Anos de Chumbo – Versos e receitas do estadão

João Teixeira*

A busca por liberdade de informação – e a denúncia dos que tentam suprimi-la – marcou setores da Imprensa dos anos de chumbo (1964/1985).
A família Mesquita honrou sua tradição liberal á frente de seus jornais.
O influente O Estado de São Paulo, o Estadão, arauto das forças conservadoras que derrubaram Jango em 1964, foi o principal alvo da censura, após a decretação do Ato Institucional (AI) número 5, em 13 de dezembro de 1968.

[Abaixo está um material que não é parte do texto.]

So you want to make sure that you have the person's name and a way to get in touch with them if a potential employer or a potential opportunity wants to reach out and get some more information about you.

Censores iletrados, meio analfabetos, com poder de veto sobre o noticiário, eram escorraçados da velha redação na Rua Major Quedinho, no centro paulistano.
“Fora daqui, meu jornal não é lugar de censor!” – Ruy Mesquita, brandindo, ameaçador, sua bengala, expulsou o tipo assustado que fugiu correndo pela redação.

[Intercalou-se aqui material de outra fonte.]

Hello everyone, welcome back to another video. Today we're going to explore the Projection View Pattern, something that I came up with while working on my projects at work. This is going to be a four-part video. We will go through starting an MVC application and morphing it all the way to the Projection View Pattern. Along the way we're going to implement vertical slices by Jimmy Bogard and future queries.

Eu presenciei essa cena, á minha frente, em 1972, na editoria de esportes do Jornal da Tarde (JT).
Atitudes assim dignificavam a profissão e elevavam o moral dos jornalistas.

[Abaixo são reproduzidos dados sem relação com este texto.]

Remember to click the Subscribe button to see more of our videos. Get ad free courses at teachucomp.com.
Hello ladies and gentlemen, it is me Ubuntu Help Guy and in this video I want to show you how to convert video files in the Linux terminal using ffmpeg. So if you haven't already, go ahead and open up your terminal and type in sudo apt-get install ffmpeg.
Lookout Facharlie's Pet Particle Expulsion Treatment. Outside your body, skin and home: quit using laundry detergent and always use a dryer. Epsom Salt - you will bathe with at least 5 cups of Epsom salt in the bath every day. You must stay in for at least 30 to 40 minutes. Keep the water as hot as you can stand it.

Para denunciar a censura, o arbítrio do Estado de exceção, que cortava notícias sobre corrupção, epidemias (meningite) e conflitos religiosos, os editores do Estadão e do JT criaram um protesto original e antológico: a publicação de receitas culinárias e de versos de Camões nos espaços em branco (censurados) das páginas.
Os leitores, de imediato, sacaram o lance contra a violência do regime.
A respeitabilidade e a tiragem aumentaram.
Na edição de 24 de setembro de 1972, em O Estado de São Paulo, e no dia seguinte, 25 de setembro, no Jornal da Tarde, foram os únicos jornais brasileiros a driblar a censura na divulgação de notícias sobre a Guerrilha do Araguaia (1972/75), no sul do Pará.
O jornalista Ruy Mesquita, dono do Estadão, fez questão de acompanhar o jornalista Marco António Rocha, o Marquito, editorialista do Estadão, quando o DOI (antiga Oban) o intimou a depor no processo do Partido Comunista Brasileiro (PCB).
“Ele está entrando inteiro para sair inteiro” – disse Mesquita aos militares que o atenderam.
O trauma do assassinato de Herzog pairava no ar.
Marquito saiu inteiro do terrível centro militar de torturas.
O diálogo que o Mesquita também manteve, em outra oportunidade, com um delegado da Polícia Política, o Dops, também ficou famoso:
“Mas esse homem é um comunista!” – berrou o policial no áspero diálogo que mantinha com o jornalista.
“É sim, é comunista, sim, mas é meu comunista” – tascou-lhe o fino empresário burguês liberal que prezava e cuidava bem de seu círculo de amizades.
Bons tempos em que os patrões preocupavam-se com a sorte de seus funcionários.
O jornalista do Estadão foi libertado.
Nestes casos de chumbo, verídicos, é forçoso destacar o papel desempenhado pela chamada Imprensa Alternativa, dos anos 1970, jornais como O Pasquim, Movimento, Opinião, O Repórter, entre outros, que mantiveram a luta pelo sentido crítico do Jornalismo independente.
Palavras-chave: Imprensa perseguida; censura no Estadão.
*João Teixeira, jornalista e escritor, é membro do Conselho Editorial do Jornal Contratempo.